## BRIEF
Pictures are to be skipped. Retype exactly the lines from the top of the material through the one with "Zonovergoten mediterrane kust", and only those.

▬▬▬

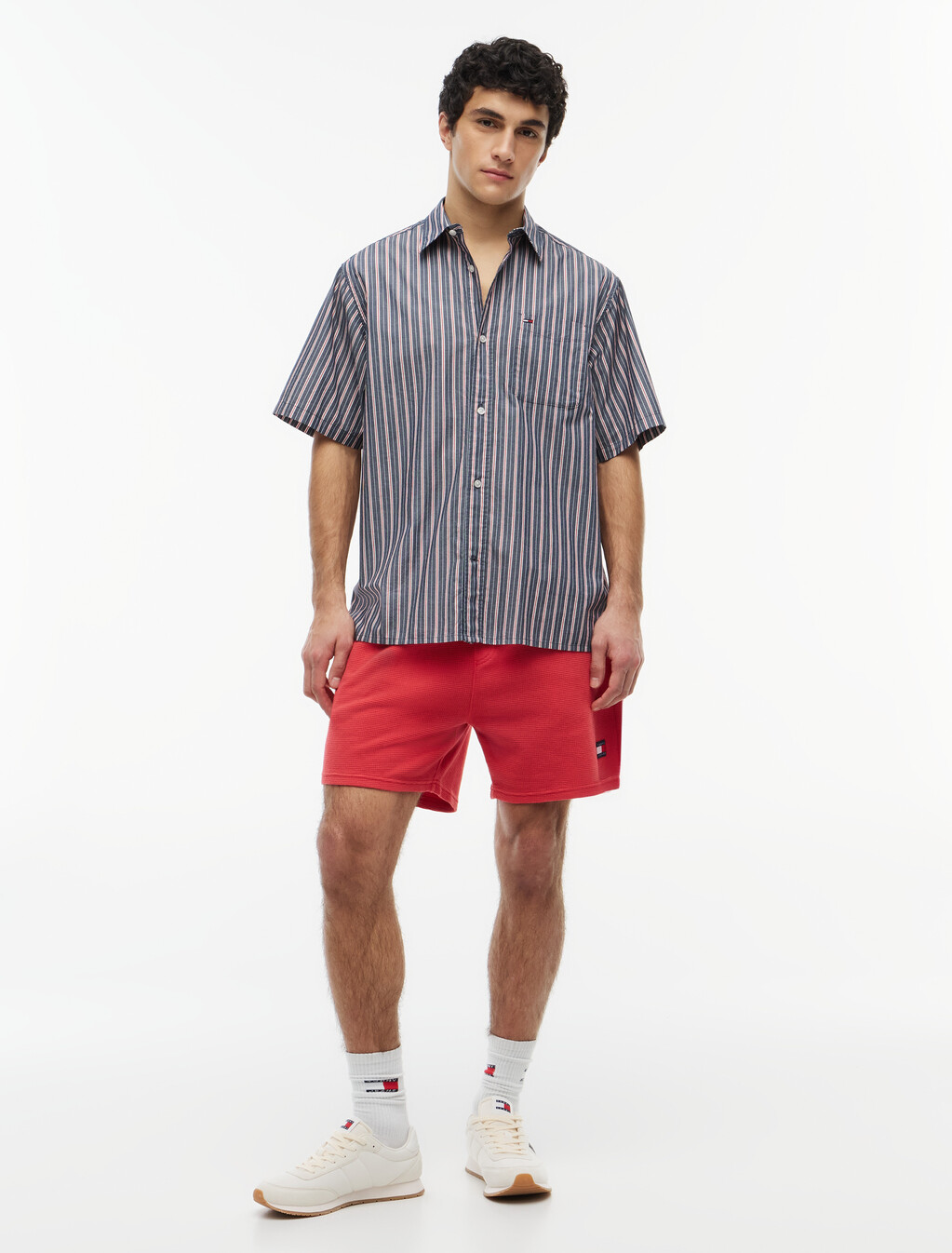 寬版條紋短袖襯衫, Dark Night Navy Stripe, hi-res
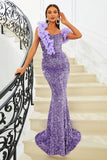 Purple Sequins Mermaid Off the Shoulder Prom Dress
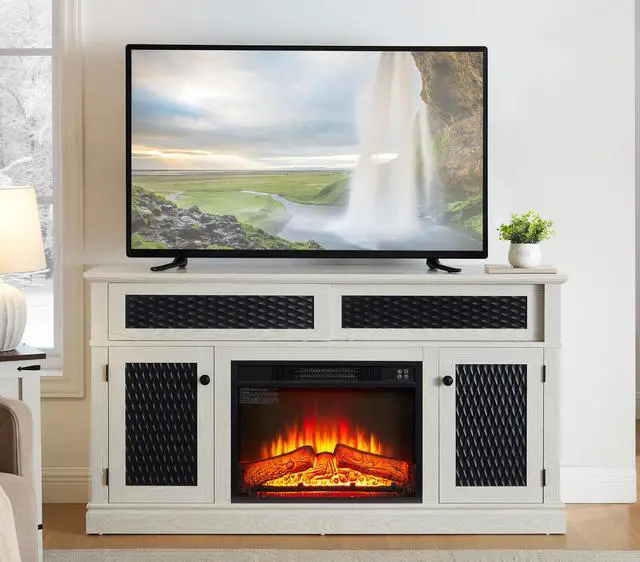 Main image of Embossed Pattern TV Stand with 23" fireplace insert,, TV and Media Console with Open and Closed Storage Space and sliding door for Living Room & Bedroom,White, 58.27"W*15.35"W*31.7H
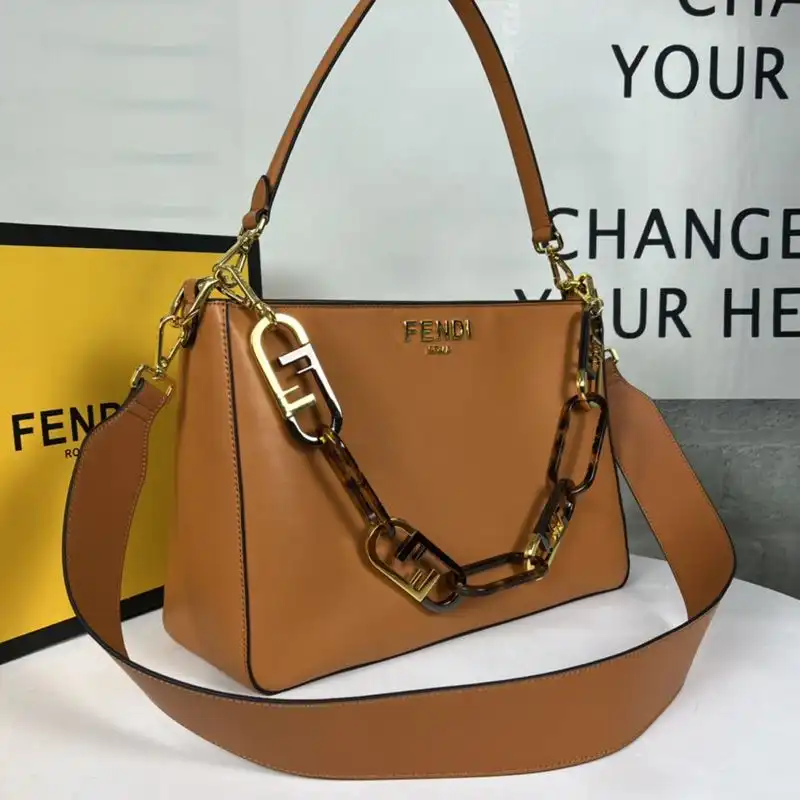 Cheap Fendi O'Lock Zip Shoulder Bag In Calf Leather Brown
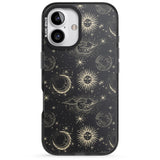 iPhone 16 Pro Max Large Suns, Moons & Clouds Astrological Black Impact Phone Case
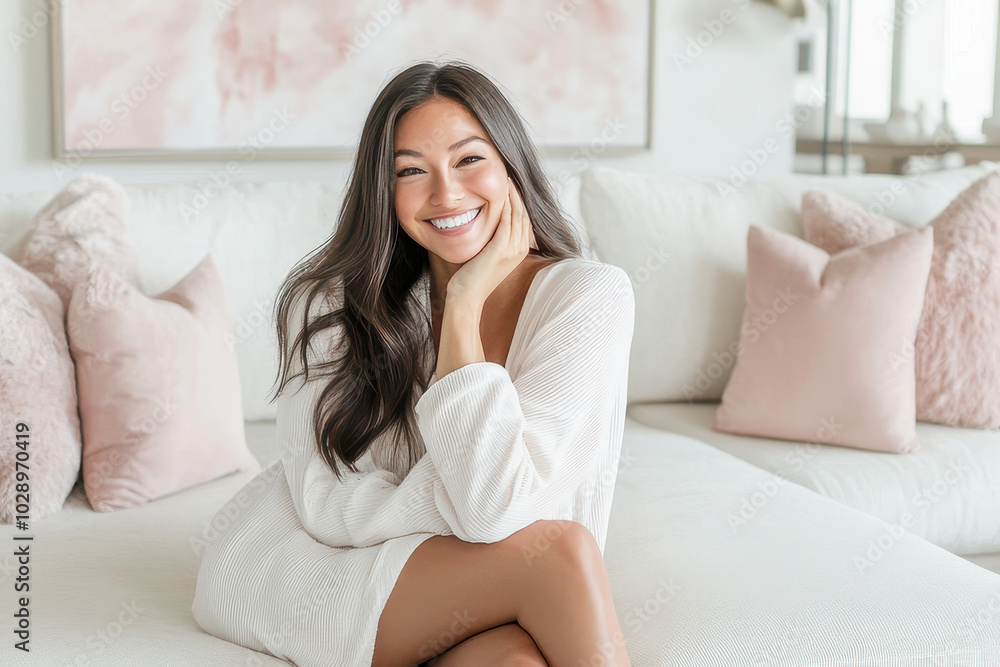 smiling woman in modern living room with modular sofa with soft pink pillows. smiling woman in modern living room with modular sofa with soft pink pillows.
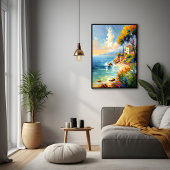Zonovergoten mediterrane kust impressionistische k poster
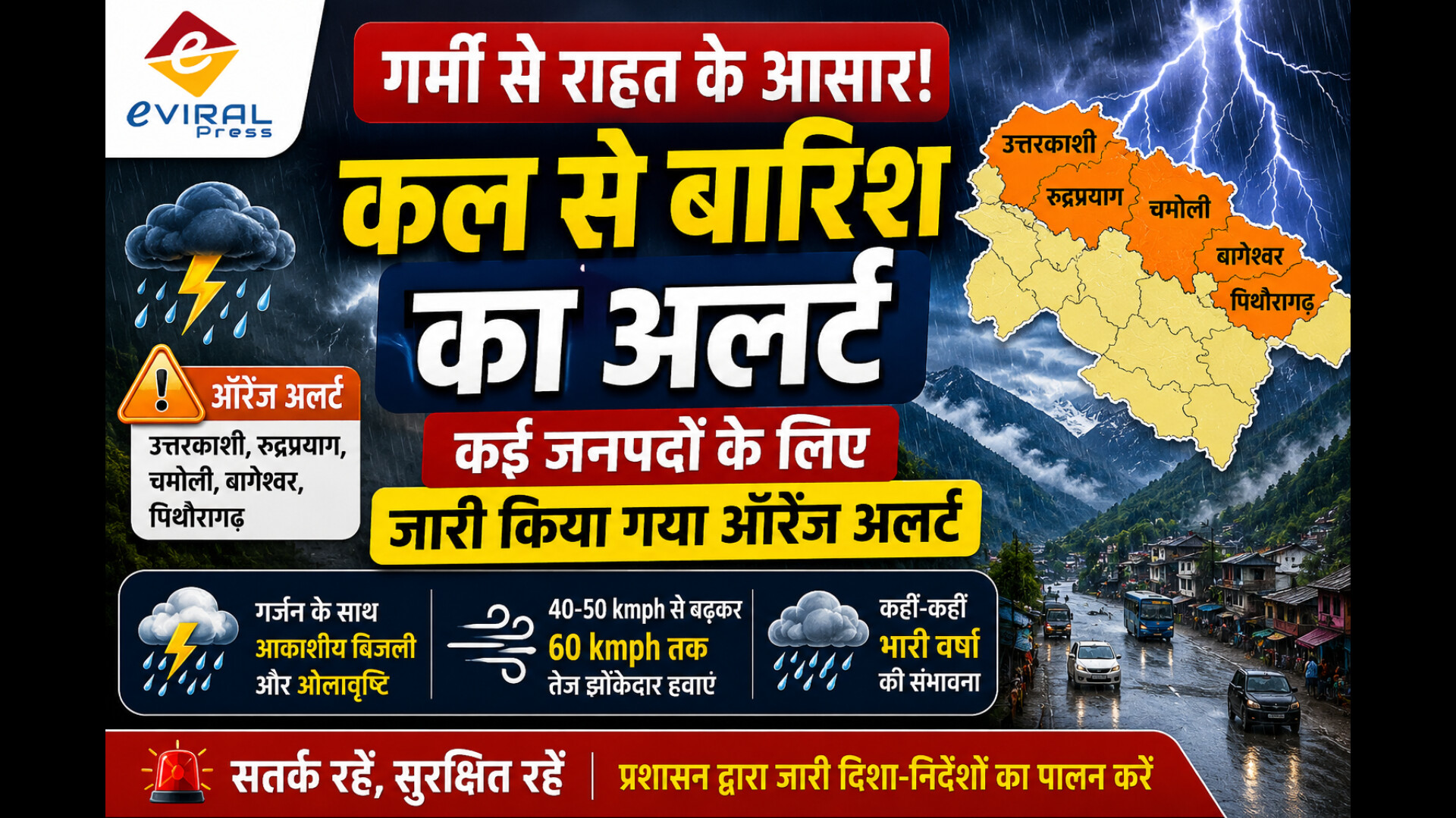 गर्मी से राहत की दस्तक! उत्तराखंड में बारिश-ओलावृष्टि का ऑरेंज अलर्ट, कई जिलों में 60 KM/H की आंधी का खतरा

▬▬▬

## ANSWER AREA
 寬版條紋短袖襯衫, Dark Night Navy Stripe, hi-res
 Purple Sequins Mermaid Off the Shoulder Prom Dress
 Main image of Embossed Pattern TV Stand with 23" fireplace insert,, TV and Media Console with Open and Closed Storage Space and sliding door for Living Room & Bedroom,White, 58.27"W*15.35"W*31.7H
 Cheap Fendi O'Lock Zip Shoulder Bag In Calf Leather Brown
 iPhone 16 Pro Max Large Suns, Moons & Clouds Astrological Black Impact Phone Case
 smiling woman in modern living room with modular sofa with soft pink pillows. smiling woman in modern living room with modular sofa with soft pink pillows.
Zonovergoten mediterrane kust impressionistische k poster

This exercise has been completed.